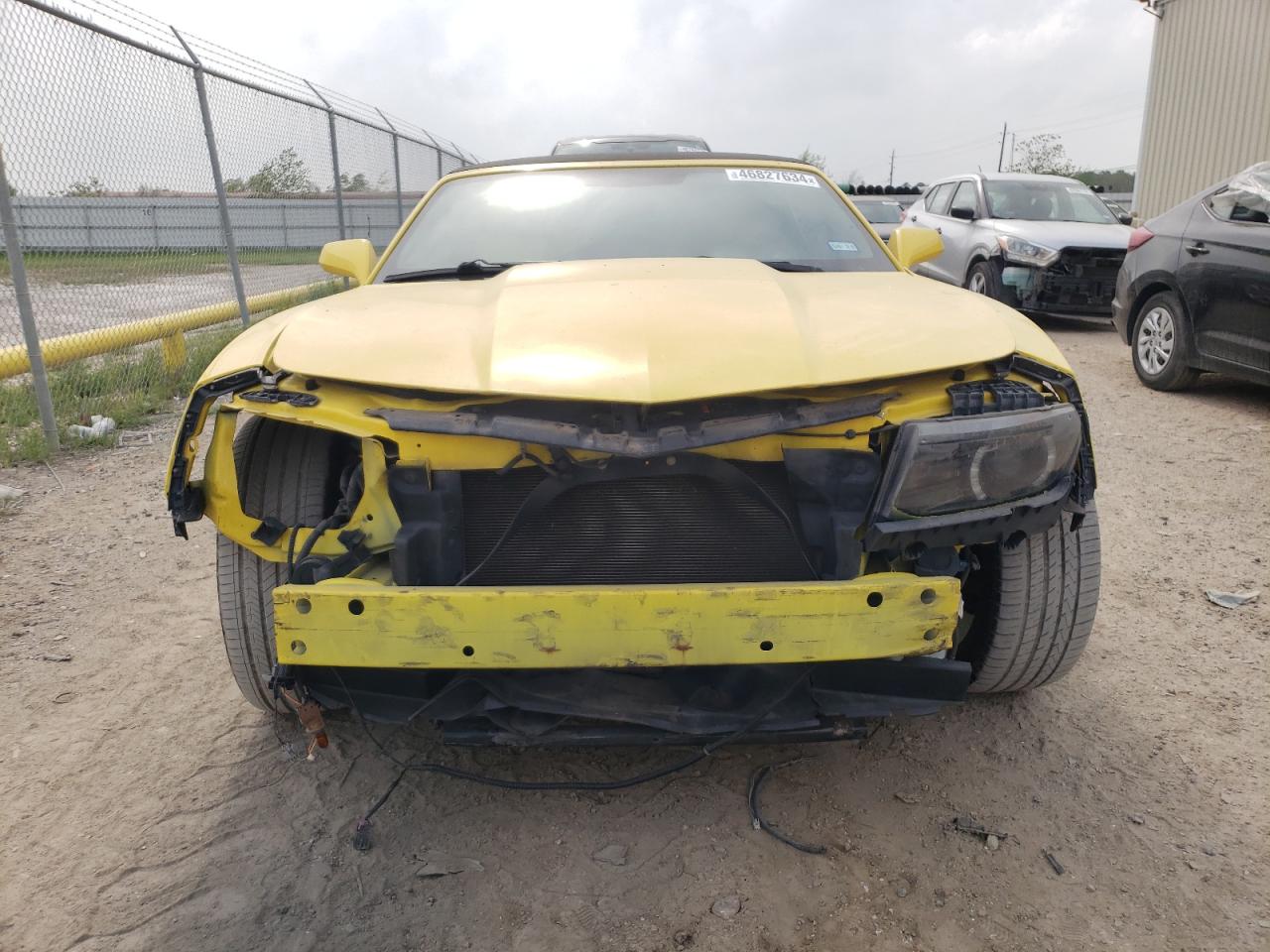 2G1FF3D33F9279532 2015 Chevrolet Camaro Lt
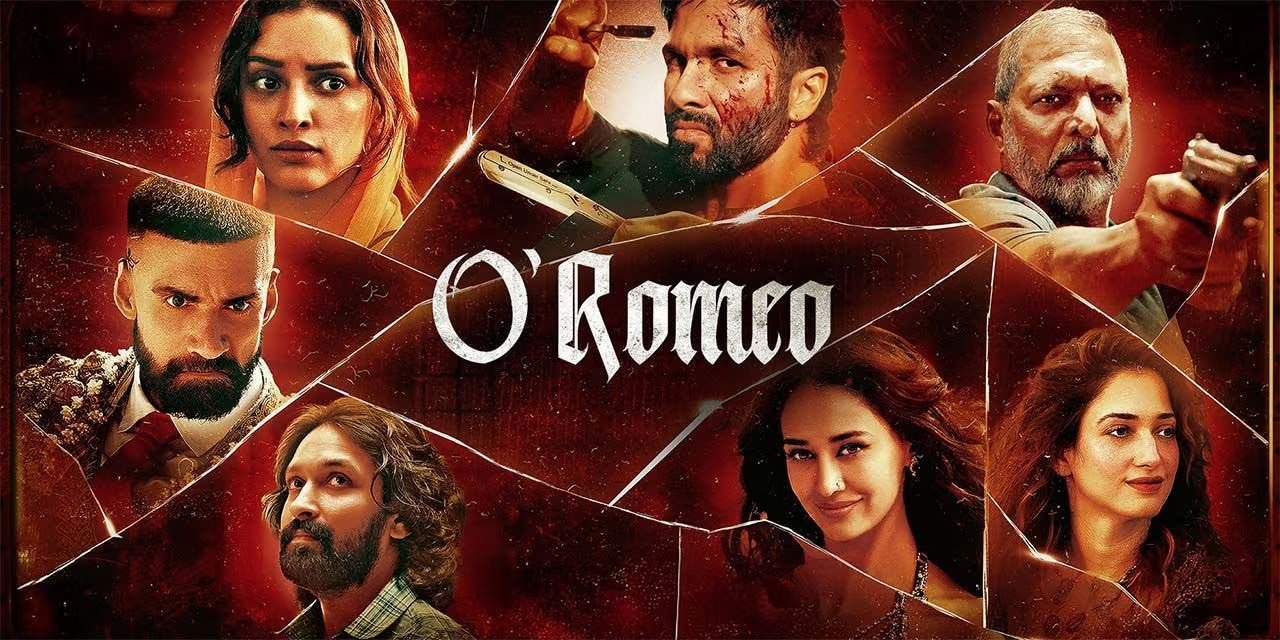 Big-Budget Bollywood Film O Romeo Banks on Star Power and Storytelling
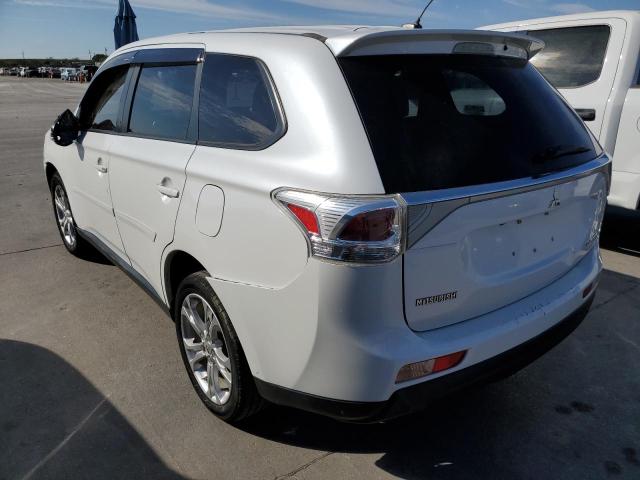 Photo 3 from auction – 2014 MITSUBISHI OUTLANDER with VIN JA4AD3A31EZ018085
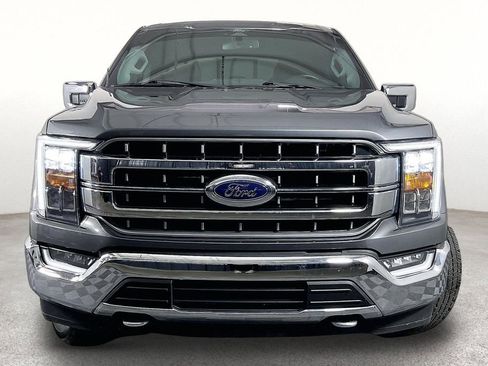 Used 2022 Ford F150 Lariat AWD/4WD image 4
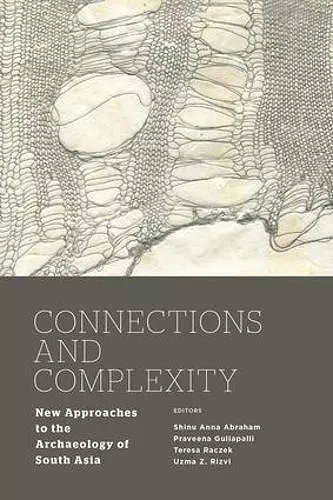 Connections and Complexity cover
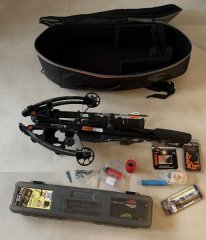Ravin R29 mit viel Zubehör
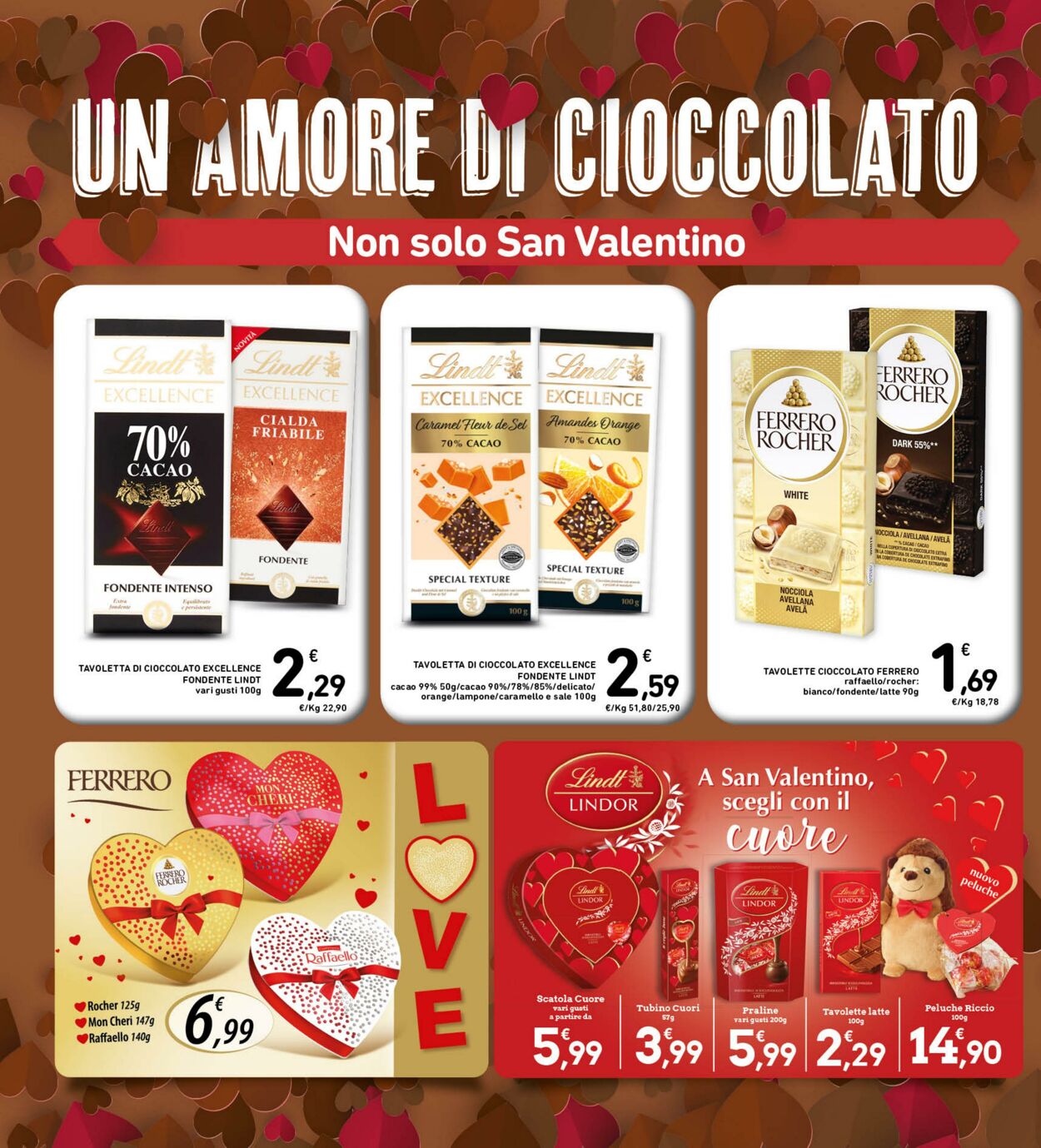 Volantino Conad 07.02.2024 - 19.02.2024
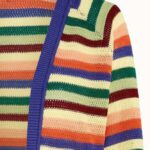 King Louie Blanca Cardi Molo Bluing - La Vie en Rose Damesmode (1)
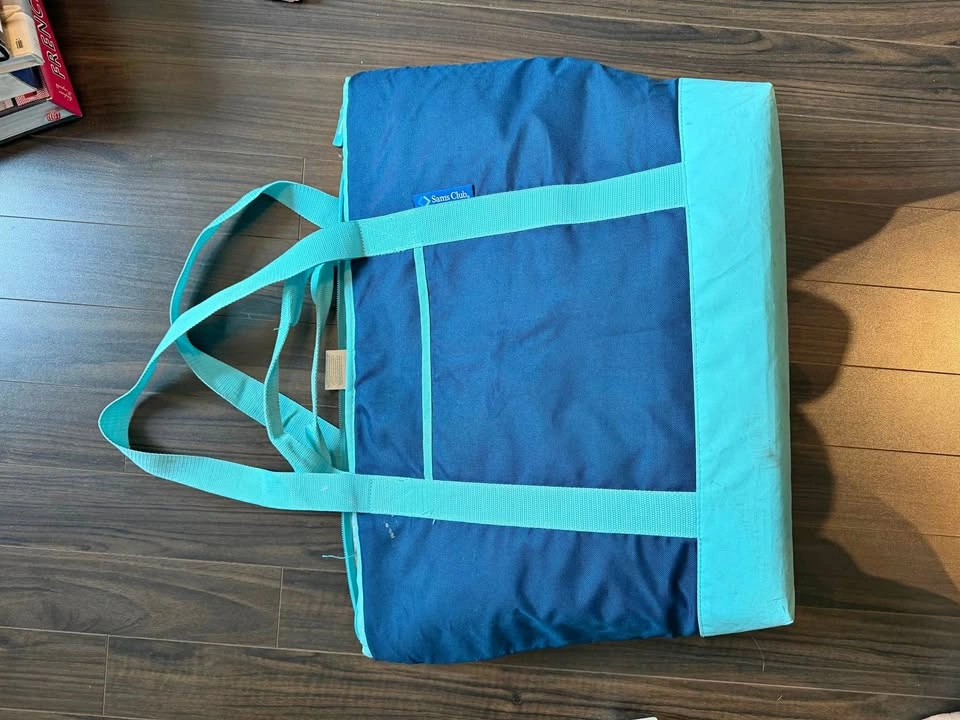Large Sam’s Club Insulated Cooler Bag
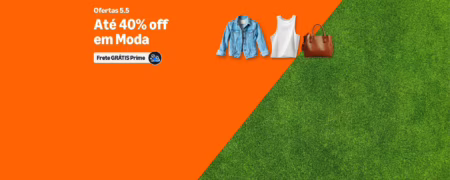 Ganhe R$ 100 off em compras a partir de R$ 999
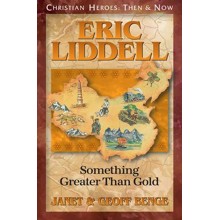 Eric Liddell: Something Greater Than Gold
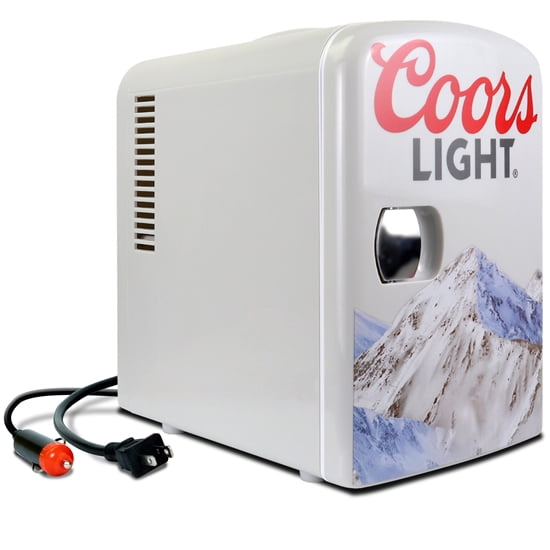 Car or Wall Plug In Option NEW NIB Pepsi 6 Can Cooler/Mini Fridge 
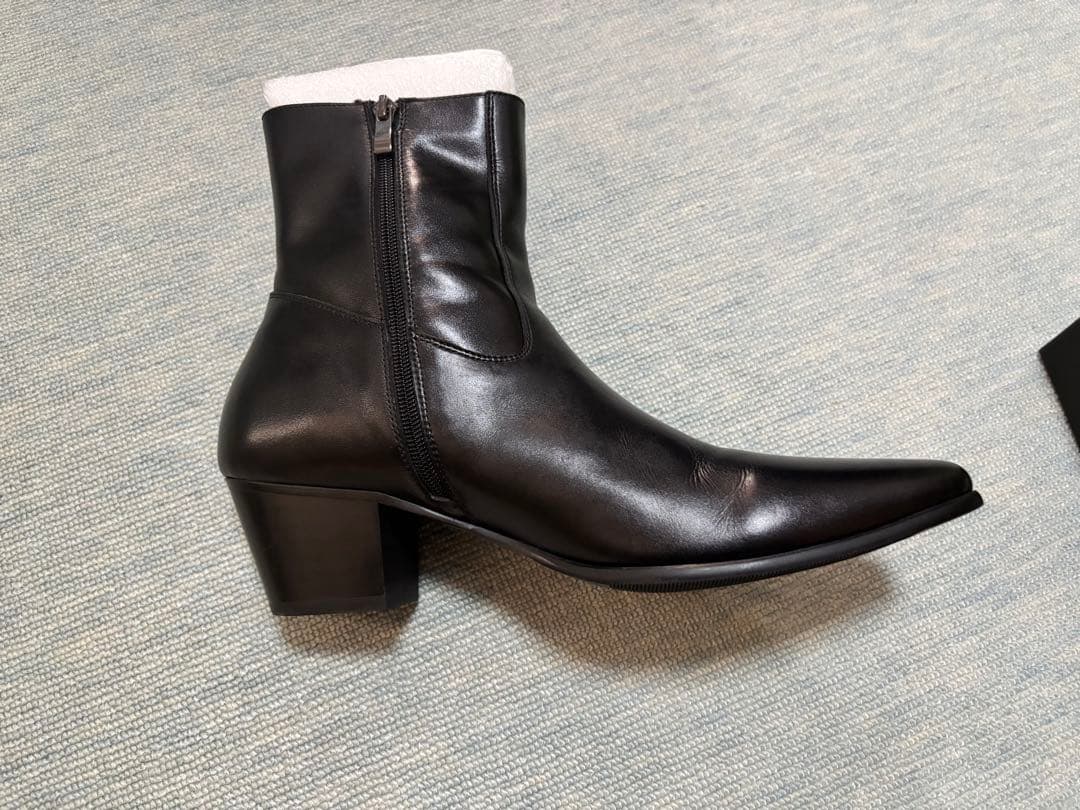 panero　\"CLASSIC\" 60MM HEEL BOOTS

────────────────────────────────────────

Transcribe the full listing exactly, but keep every image out of it.

> [Result for this task]:
 2G1FF3D33F9279532 2015 Chevrolet Camaro Lt
 Big-Budget Bollywood Film O Romeo Banks on Star Power and Storytelling
 Photo 3 from auction – 2014 MITSUBISHI OUTLANDER with VIN JA4AD3A31EZ018085
 Used 2022 Ford F150 Lariat AWD/4WD image 4
 Connections and Complexity cover
Ravin R29 mit viel Zubehör
 Volantino Conad 07.02.2024 - 19.02.2024
 King Louie Blanca Cardi Molo Bluing - La Vie en Rose Damesmode (1)
Large Sam’s Club Insulated Cooler Bag
 Ganhe R$ 100 off em compras a partir de R$ 999
 Eric Liddell: Something Greater Than Gold
 Car or Wall Plug In Option NEW NIB Pepsi 6 Can Cooler/Mini Fridge 
 panero　\"CLASSIC\" 60MM HEEL BOOTS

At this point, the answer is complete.